Katrina + 5: Documenting Disaster
The exhibition Katrina + 5: Documenting Disaster is a reminder of the history made since August 29, 2005, and The Collection’s ongoing efforts to record it.
May 12–September 12, 2010
Williams Gallery, 533 Royal Street
Lower Garden District Fire Scene
September 6, 2005; by Chris Mickal
courtesy of Chris Mickal
In the timeline of history, half a decade constitutes not even the blink of an eye, but for many residents of the Gulf Coast affected by Hurricane Katrina, the past five years have seemed like a lifetime. Yet time has moved on. Five years after the storm, recovery efforts have produced a mixed bag of results across our region.
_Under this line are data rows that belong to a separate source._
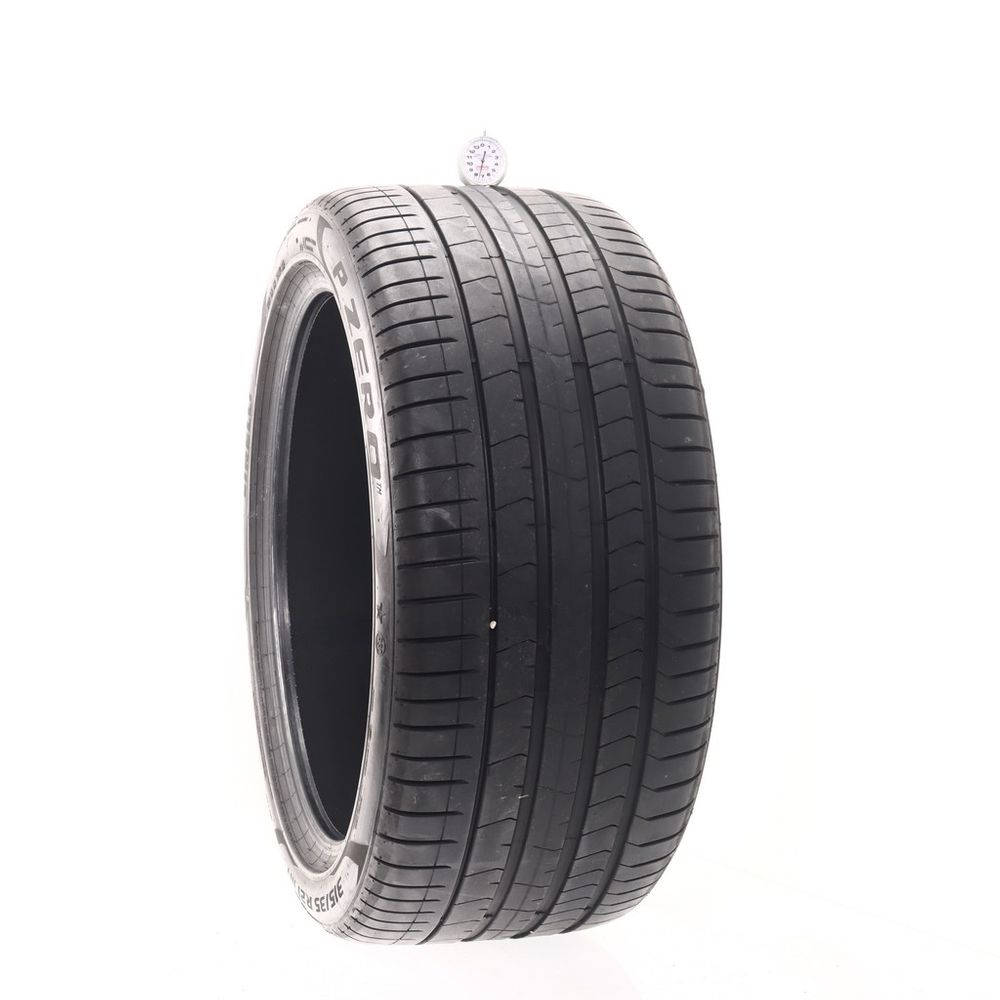 Set of (2) Used 315/35R21 Pirelli P Zero PZ4 Run Flat 111Y - 7.5-8/32 - Image 1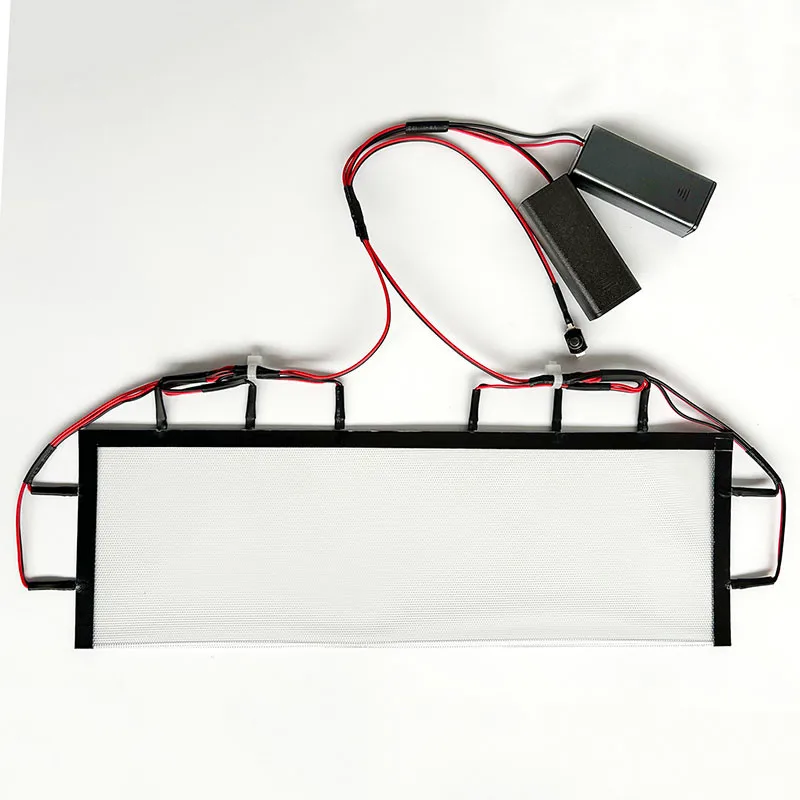 Large Rectangle Led Eyes Light Decorations Flexible Bendable Helmet Shine Eye Lights DIY Kit for Cosplay Mask Accessories Gift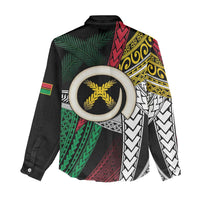 Ni-Van Vanuatu 45th Yumi Yumi Yumi Women Casual Shirt Vanuatuan Boar Tusk Polynesian Pattern LT9 - Polynesian Pride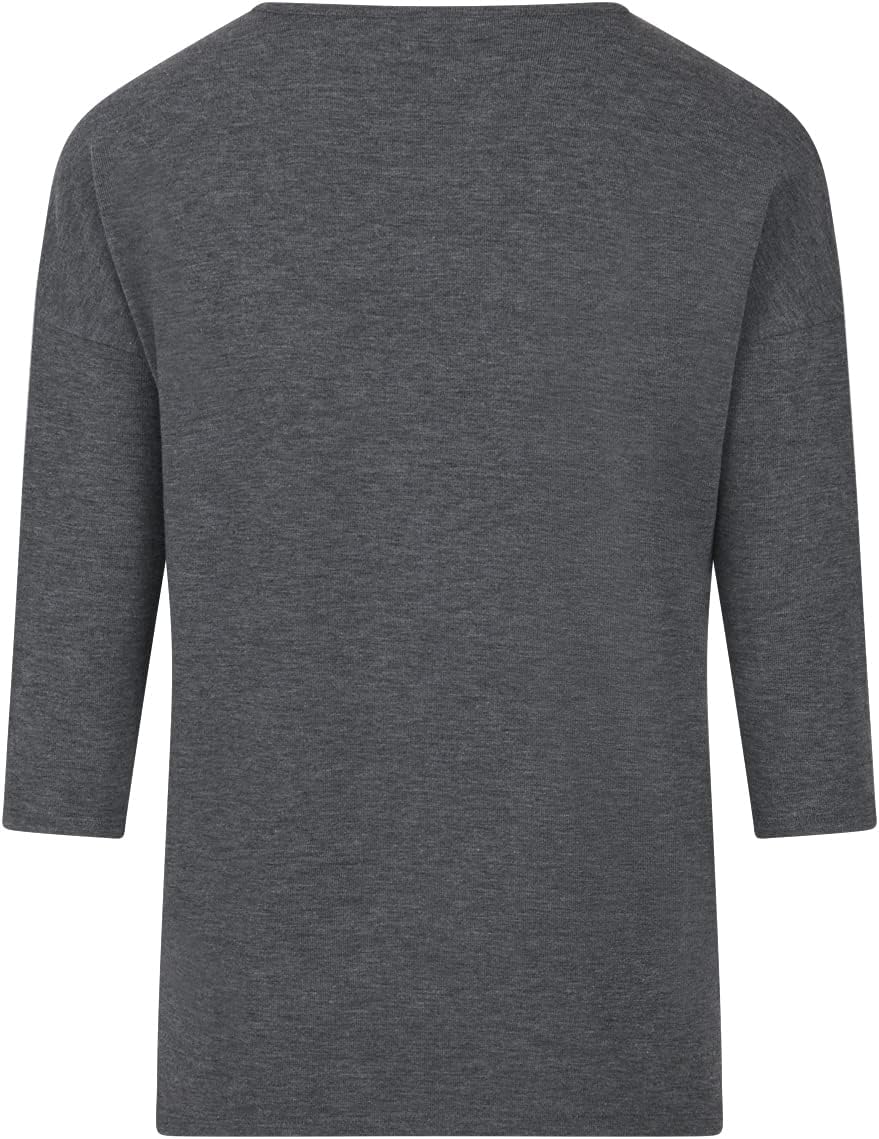 ONLY Damen Top ONLGLAMOUR 2er Pack 3/4 Ärmel Basic Shirt Rundhals Loose Fit Langarmshirt Oberteil Mu
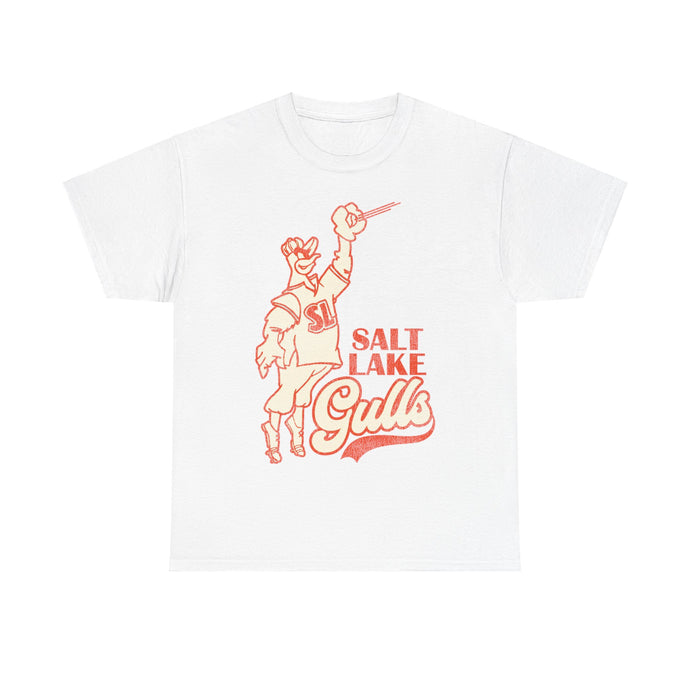 Salt Lake Gulls Nostalgic Retro Baseball Team T-shirt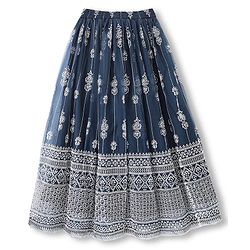 Pine Kids Woven Sleeveless Lehenga Choli Dupatta Set With Floral Print - Navy Blue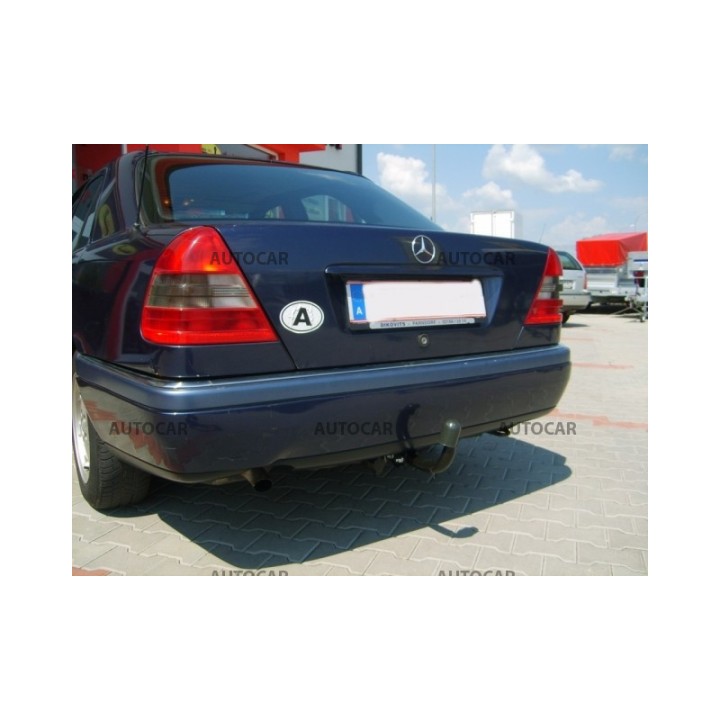 Towbar, Auto-Hak, Semi-Detachable System, Mercedes-Benz C-Class 4-Door 1993 - 2000 - EDK.ro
The “history in the making” quality of Katrina’s landfall, the subsequent flooding of New Orleans, and five years of recovery and rebuilding efforts presented a dizzying array of documentation possibilities to an institution tasked with preserving our city’s history. Faced with the work of chronicling both unprecedented devastation and the city’s recovery, The Collection implemented two long-term institutional initiatives in early October 2005: an extensive oral history program focused on recording the experiences of first responders and a citywide photo documentary project intended to capture the scale of the chaos left in Katrina’s wake. Selections from these projects form the core of Katrina + 5. Other items on exhibit include historical maps and documents exploring the history of tidal flooding and storm surge in New Orleans over the course of the past two centuries and a multimedia station featuring an interactive timeline and Katrina on the Web +5. Slide shows from six of the oral histories featured in the exhibition can be seen on our You Tube channel, THNOCVIDEO.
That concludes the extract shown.